Captioned web image data
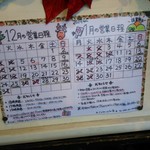 Keki Kafe Raku - 年末年始の営業カレンダー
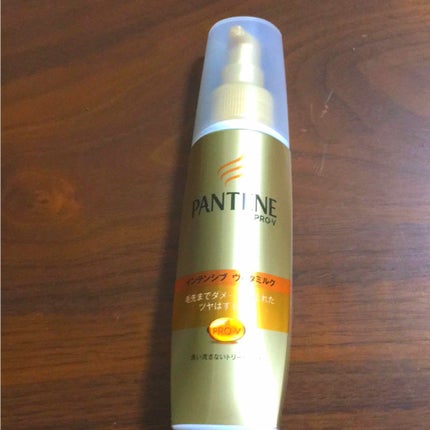 エクストラダメージケア インテンシブ ヴィタミルク/パンテーン/ヘアミルクを使ったクチコミ(1枚目)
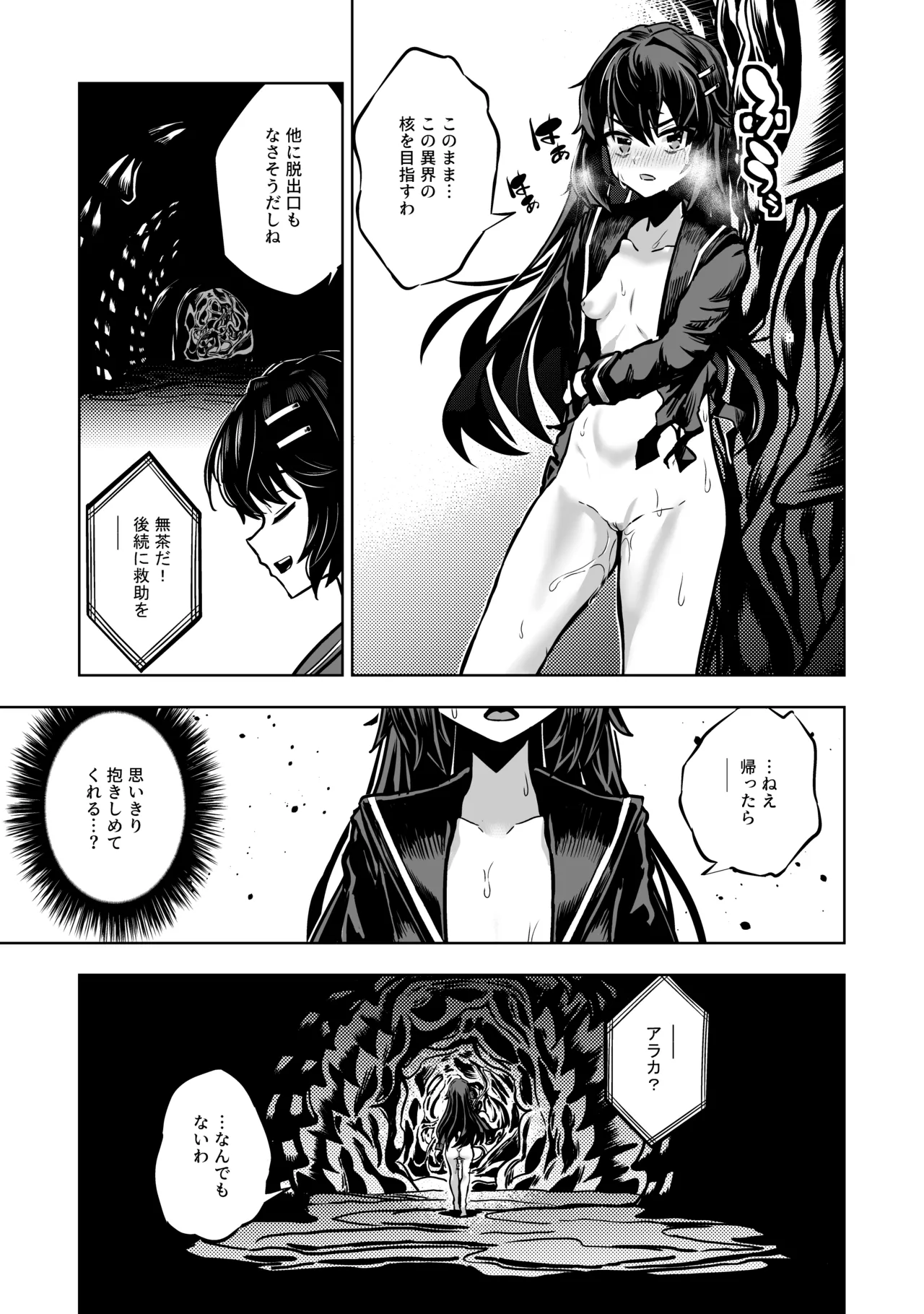 JK退魔師 vs 最凶エロトラップダンジョン～女体陥落までの259200時間～ Page.18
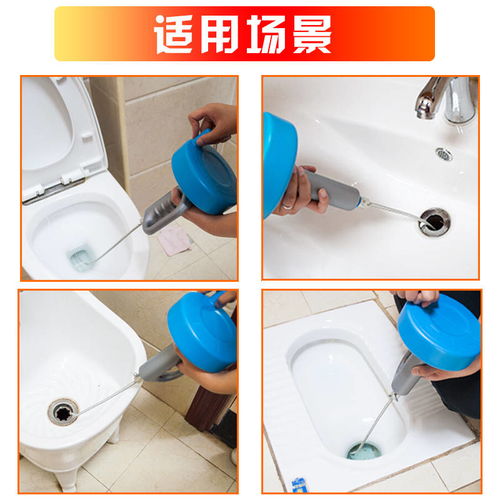 管道探测疏通器怎么用(管道疏通器探头)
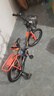 凤凰（Phoenix）儿童自行车宝宝脚踏车儿童折叠自行车3-8岁童车  陆寻  灰色18寸 实拍图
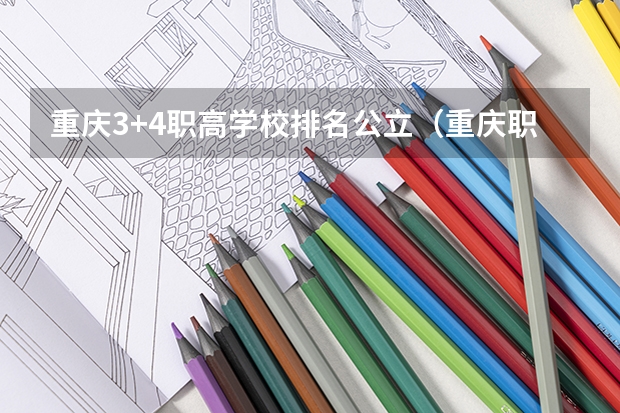 重庆3+4职高学校排名公立（重庆职高学校排名前十）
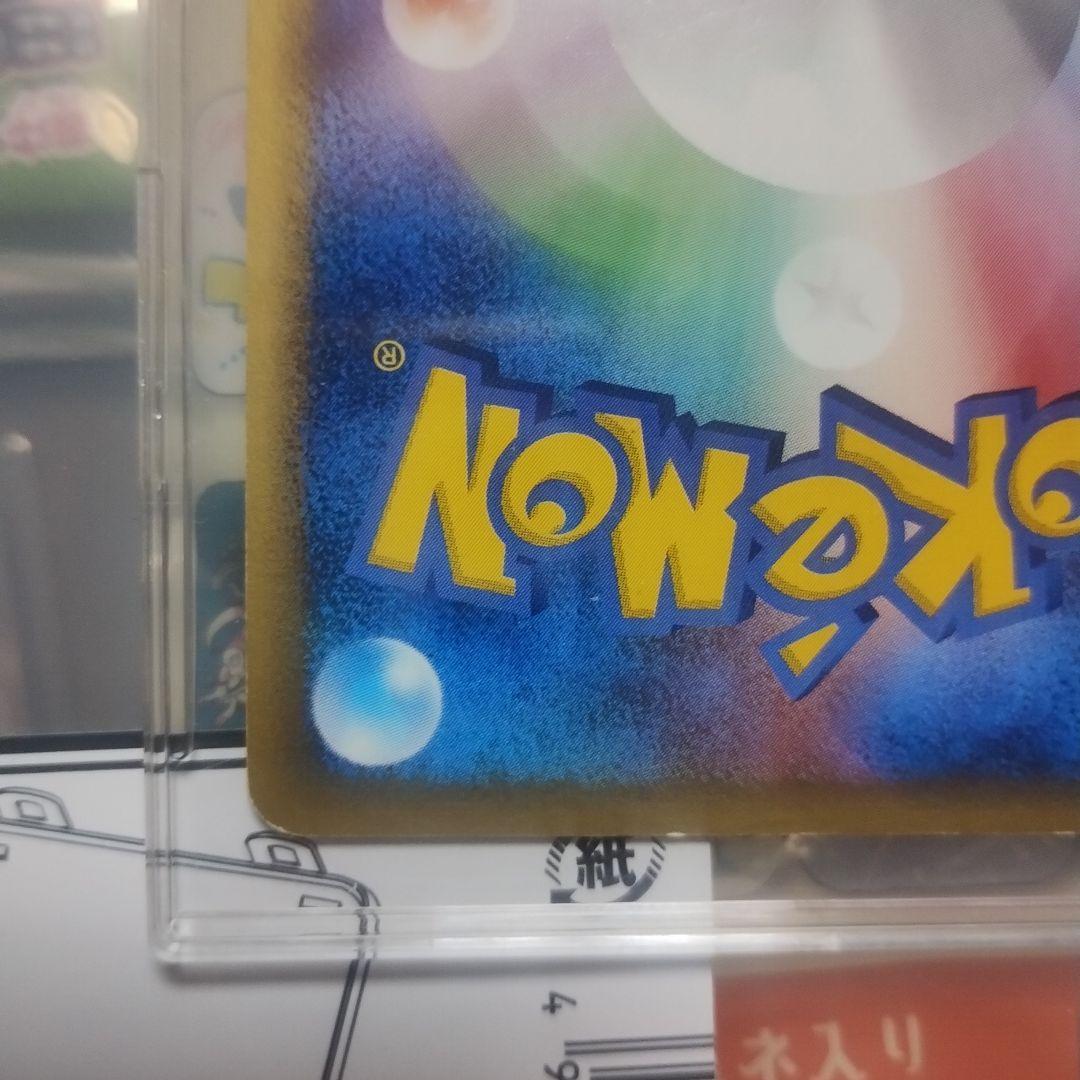 ポケモンカード　セレビィ　クリスタルタイプ　1stEdition　安心鑑定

*PROBLEM TO SOLVE*.
Write out exactly the lines beginning with the line that holds "重庆3+4职高学校排名公立（重庆职高学校排名前十）" and ending with the final line of the data, both ends included, without the pictures.

*ANSWER BELOW*.
 重庆3+4职高学校排名公立（重庆职高学校排名前十）
 ポケモンカード　セレビィ　クリスタルタイプ　1stEdition　安心鑑定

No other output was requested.